7 thoughts on “Writing a poem (Day 5/365)

  1. I have to confess that it was more the “I don’t want to come across…” part of the phrase that shocked me, not the “snotty intellectual scorning” part.

    As to the form of your poem, I know it is incomplete, but I was expecting something along the lines of the intentional whip-lash to fluidity and pacing my highschool English teacher tried to convey was present between the old dog barking backwards and tales of its pup-dom (all I could think of was “Wow Wob”). Something relaying the slow pace or rural life, the fast pace of your spaceship, and wrenching contradictions present in signs all around.

    This has been “Literary Criticism by Trade School Turff” brought to you by Microsoft’s XBox. Why create when you can crash things for points?

  2. It’s just that if the reader thinks I’m being snotty, then that derails the poem, since that’s not the voice I want it to have. I could give a damn about how the hoi polloi perceives me. Damned peasants.

  3. I may not have noted your pentametric iambs had you not given it away, so subtly was the scheme deployed.

    I read somewhere that Yeats would compose first in prose, as if the thought was found first and then made memorable through verse.

    The attempt to make poetry out of experience, to distill a meaning from a series of moments, signs and notions–good luck. I’ve tried, judged my thoughts lacking, and run crying to the soothing arms of an occult mistress. I confess I found Graves’ White Goddess a salvation of sorts. I don’t think poetry unlocks any true esoteric realities (though I’m open to suggestion) but it does allow logos to open up some possible sublime encounters (if only with one’s own nervous system). I enjoy a poetry akin to Brecht’s rational and journalistic organization of observation and notions, but I don’t want to write it. I can’t. Every time I try I find my occult preoccupations with word choice (and theme) working their insidious influence.

    Your sample of verse has come to terms with the way things are, with human limits, with desire and mortality, with time. I would derange your notions, trying to make new holes open up. I’d want to get off 341. But why? Why is subtle longing (which I detect in the last couplet) not enough? Being on 341 is real and can be articulated. It should be articulated.

  4. Whatever works. Whatever inspires.

    Imagine a character who hears a perpetual babble in his head of critical voices characterizing his or her every action in terms of its “lasting significance” or “theoretical import.” Perhaps that, too, is a kind of Program Music.

  5. re: Yeats composing first in prose

    We have a new book in the media center, a picture-book biography of Charles Ives. With bios of composers, I provide free CDs of their music for the kids who check them out. Otherwise, why would anyone want to know about the life of a composer, right?
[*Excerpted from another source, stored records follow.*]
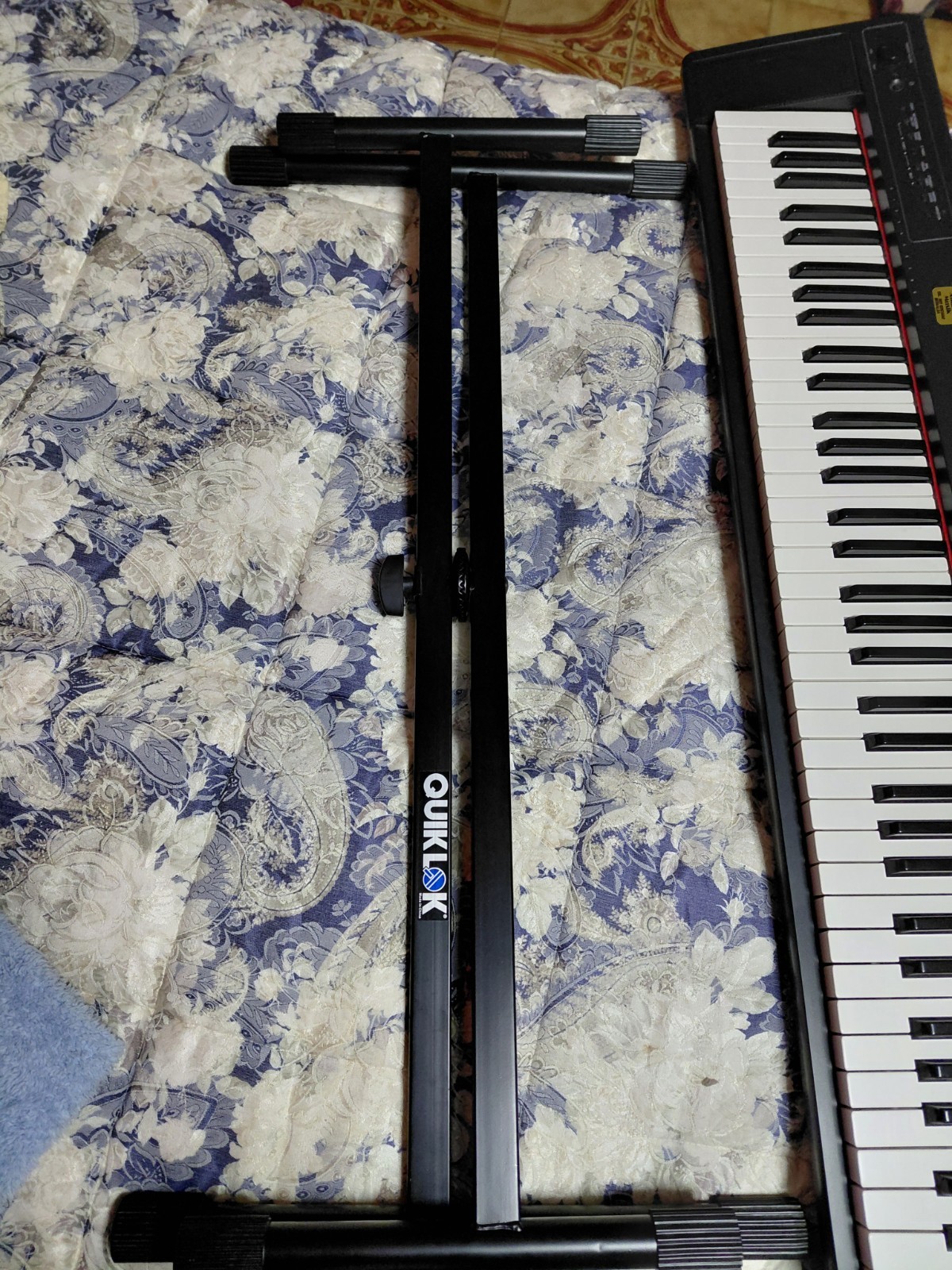 Yamaha digital piano with Quikolk and Leggio support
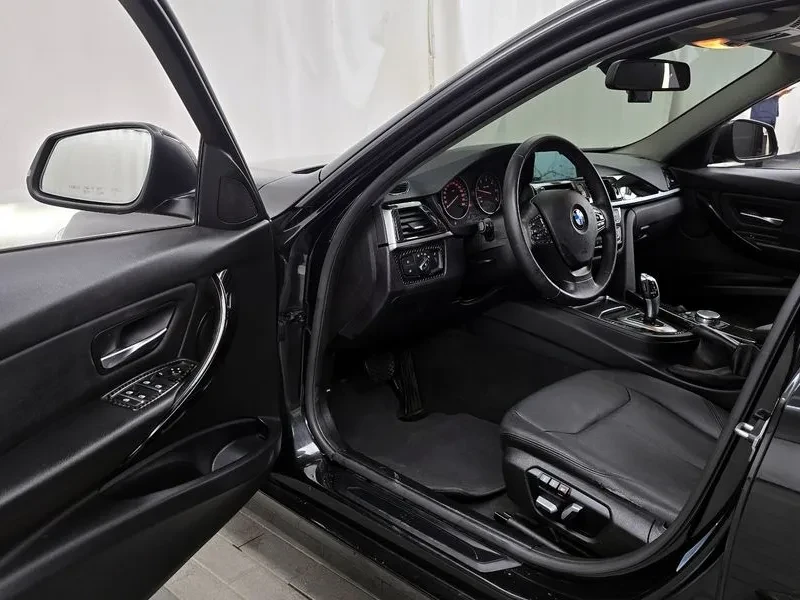 BMW 320 d, снимка 10 - Автомобили и джипове - 54592447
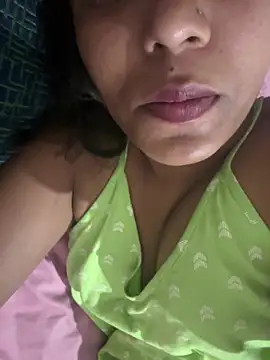 Snapshot of priyadevi17 chatting on February 22, 2025, 1:33 am priyadevi17 online show from February 22, 2025, 1:33 am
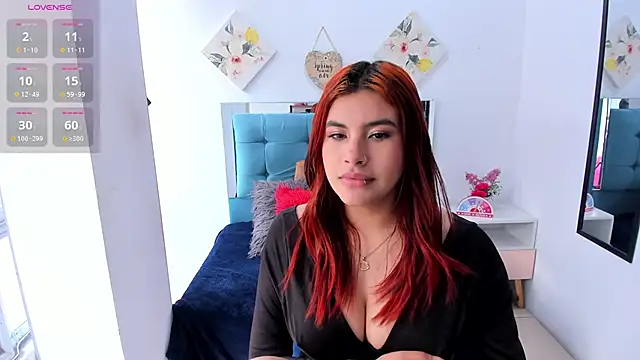 Sharloth_F_W's Live XXX Chat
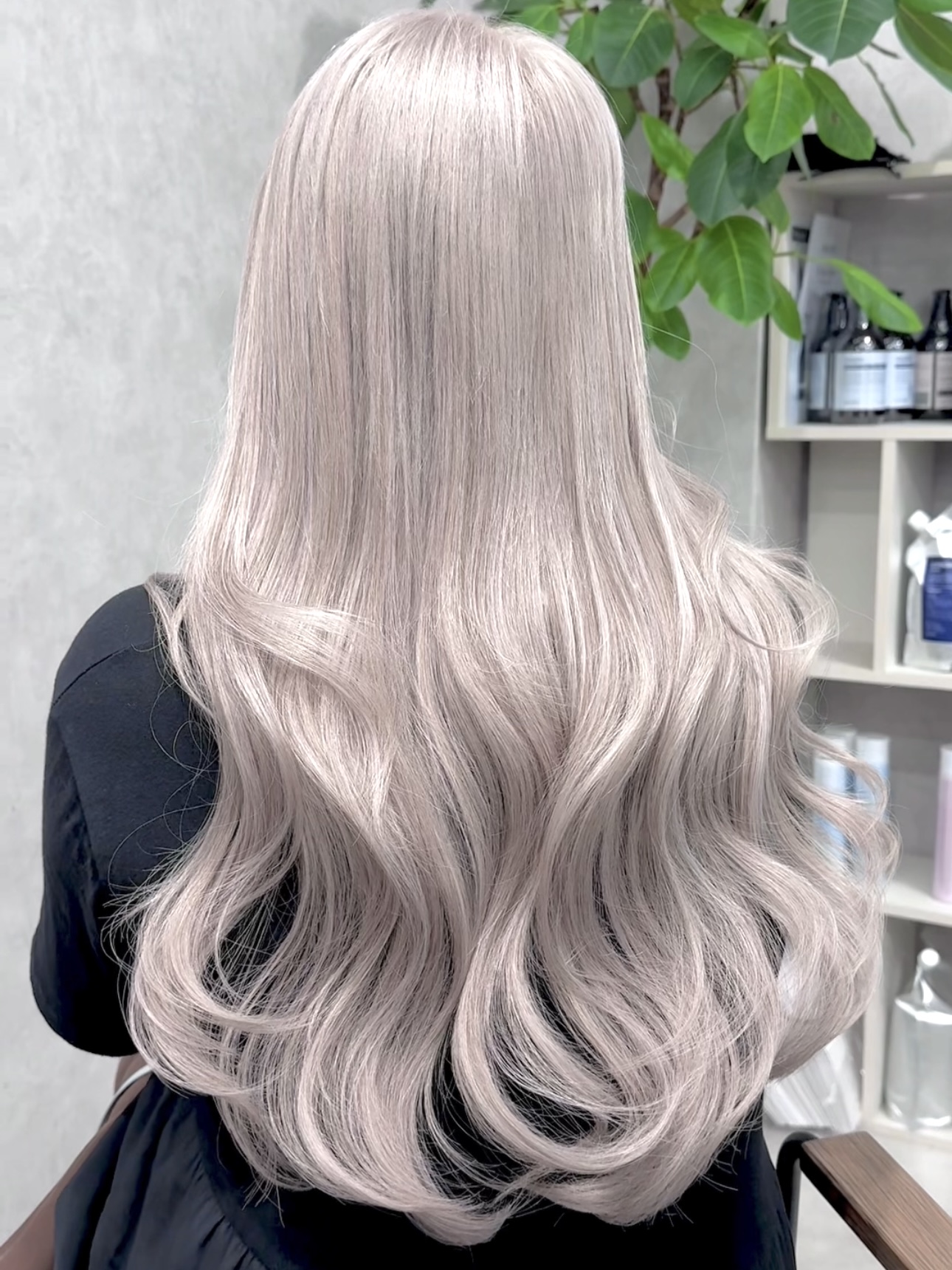 WHITE BLONDE WHITE BLONDE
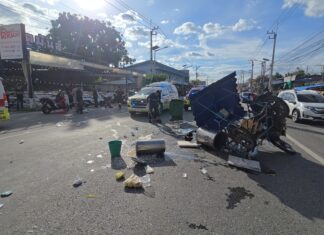 Motorcycle Crashing Into Ice Cream Vendor in Sri Racha Leaves Two People Seriously Injured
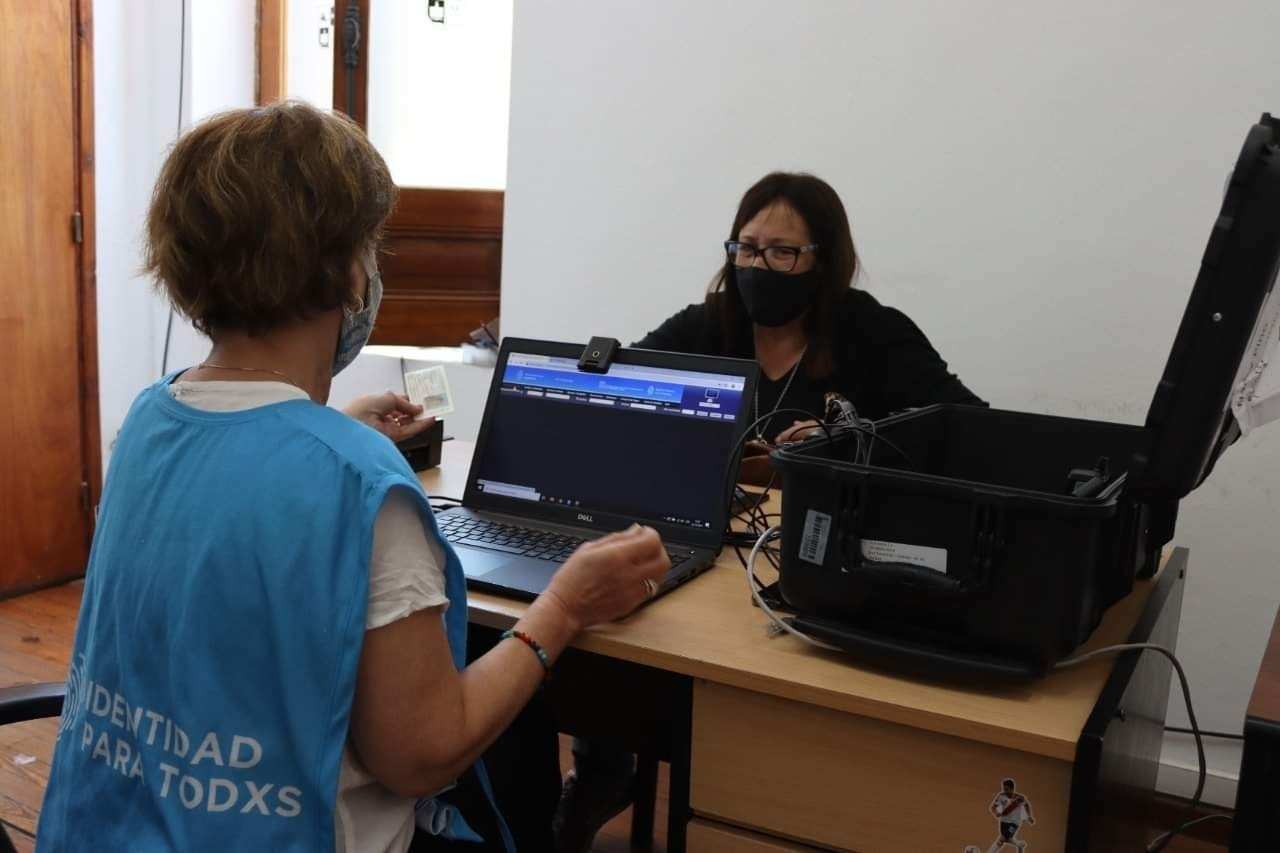 Exaltación, retiro de Documentación de Operativo Móvil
    Anyway, in tracking down a photo of Charles to use on the CD label, I came across a nice site about his Three Places in New England, which has some notes that he wrote in the early stages of composition of the third movement, “The Housatonic at Stockbridge”:

    “Housatonic Church across River sound like Dorrnance [one of Ives’ favorite hymntunes]. River mists, leaves in slight breeze river bed–all notes and phrases in upper accompaniment . . . should interweave in uneven way, riverside colors, leaves & sounds–not come down on main beat . . .”

    So I’m not alone, it would seem, in trying to verbalize what I’m trying to accomplish.

  6. Sort of like Wagner?

    If I had finished the bio of Ives, I could speak to that internal criticism in his work. I’ve actually been putting off finishing it because I know there comes a point in his life where he simply decides not to write music any more. I’m afraid I’ll recognize my own symptoms.

  7. It’s been quite a while since I read it, but I don’t think Swafford gives you the time or opportunity to get depressed.

    Do what Ives and Joyce both did. Invite a younger generation of acolytes to come together at your feet and form a “circle.” They’ll write the laudatory essays, claim your influence, produce the biography, and be a comfort in the final barren years.